In Chasiv Yar, one shop remains open and any vehicle going there is at risk from Russian drones. A volunteer, Sarhis Arutiunian, said he previously delivered generators and potbelly stoves, as well as cars for the military. Now the town’s remaining civilians, most of them elderly, lead a twilight existence. They hide from bombs, venturing out rarely.

“Chasiv Yar used to be a cosy place. It has a pond with a beach. I would swim there and grill kebabs,” Arutiunian said. “Now it’s a city of ghosts. It’s been completely destroyed, the same as Bakhmut, Avdiivka and Mariupol. I’ve talked to some of the pensioners who stay there. They say: ‘I’m going to die soon anyway, so what’s the point in moving?’.”

Arutiunian works for a community organisation, Svitlyachky Blago, which hands out basic supplies. Last week it supplied first aid kits from a small first-floor room in Kostiantynivka. “The war is close. We’ve got used to it,” Julia Efimova said as she queued to pick up medicines for her 85-year-old grandmother. She continued: “I’m an optimist. I believe in our army.”

Kostiantynivka is frequently hit. An industrial zone that runs alongside the Kryvyi Torets River has been smashed. A rocket destroyed one of the city’s three hospitals, killing several displaced people from Bakhmut who had been living in a hostel next door, next to a garden of lilac bushes and lily of the valley. Another missile flattened a kindergarten, now a sea of bricks.

On 23 April, a munition dropped by a Russian plane exploded near a civilian car, leaving the driver and four passengers with multiple shrapnel wounds. The group had come from Chasiv Yar to get money from a cash machine.

The city’s railway station, meanwhile, has been hit twice. One blast demolished a neo-classical arch and blew off the gold cupolas from the church opposite. On a ruined wall, someone has written: “We are not asking too much. We just need artillery shells and aviation. Rest we do ourselves.” Nearby is a mural of Putin dangling from a blue and yellow scarf, with the slogan “Arm Ukraine”.

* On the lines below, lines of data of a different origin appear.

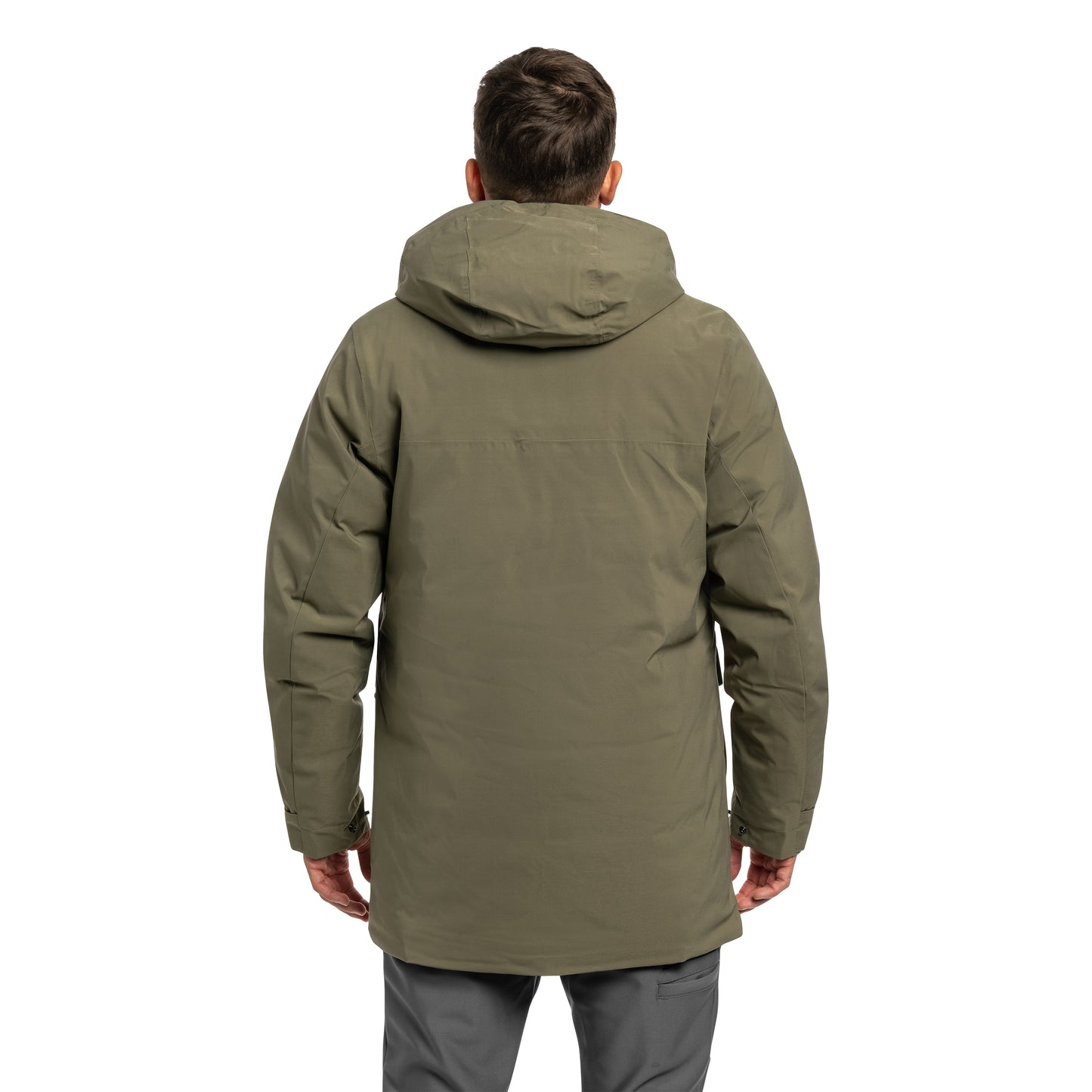 Kurtka Columbia Street Heights Waterproof Down Parka - Stone Green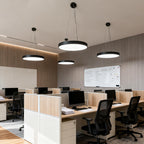 Lampa wisząca LED nowoczesna biurowa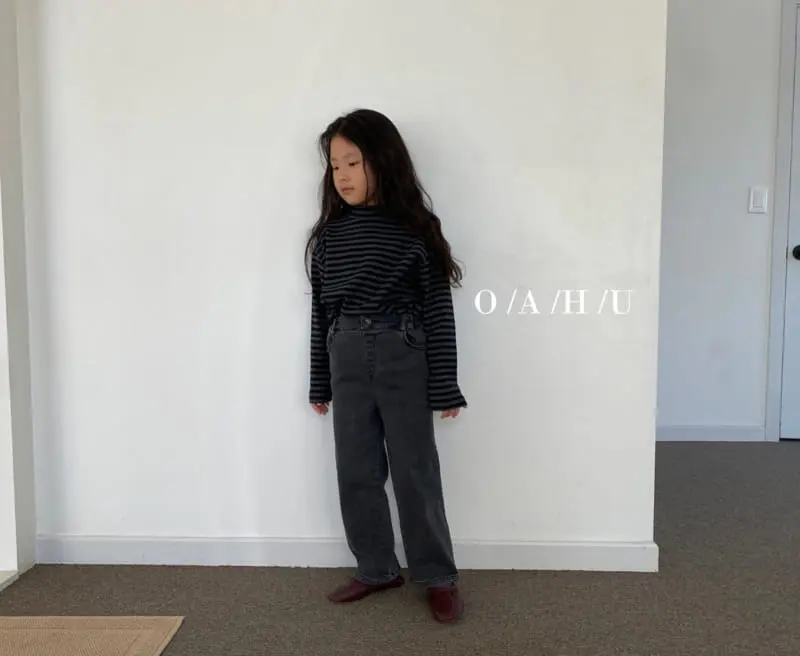 O'ahu - Korean Children Fashion - #Kfashion4kids - Woof Pants - 8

Arutiunian said it was extraordinary how many military resources Russia was using to capture Chasiv Yar, a town previously known for its mines and as the birthplace of Joseph Kobzon, a popular Soviet singer linked to the Moscow mafia. Up until 2014, when Russia began its covert takeover of the region, the town’s music school was named after Kobzon.

Arutiunian reflected on the changes in the region over little more than a decade. A football fan, he had watched all the 2012 European Championship matches played in the Donbas Arena of the regional capital, Donetsk. “Donetsk was full of England fans. They got drunk on two-litre bottles of Sarmat beer. We liked them,” he said. He added bitterly: “Now everything is fucked up.” He blamed local pro-Russian politicians, as well as the US and UK which in the 1990s persuaded Kyiv to give up nuclear weapons.

Gorbunov acknowledged it would be decades before Kostiantynivka returned to normal, even if the war finished soon. “This used to be a super place. It’s a beautiful area. Tourists hiked in the forests and in our white chalk mountains,” he said. “Currently it’s impossible to walk anywhere. Everything is mined.” Enemy bombs ignited forest fires, he added, several of them visible last week above the tree line as giant clouds.

With no end to the fighting in sight, Gorbunov was defiant. After a stint as acting military mayor, last week he was formally appointed to the post by the president, Volodymyr Zelenskiy. “Donetsk and Luhansk provinces are Ukraine. Encirclement won’t happen here. They won’t take my city,” he said. “Everything will be Ukraine.”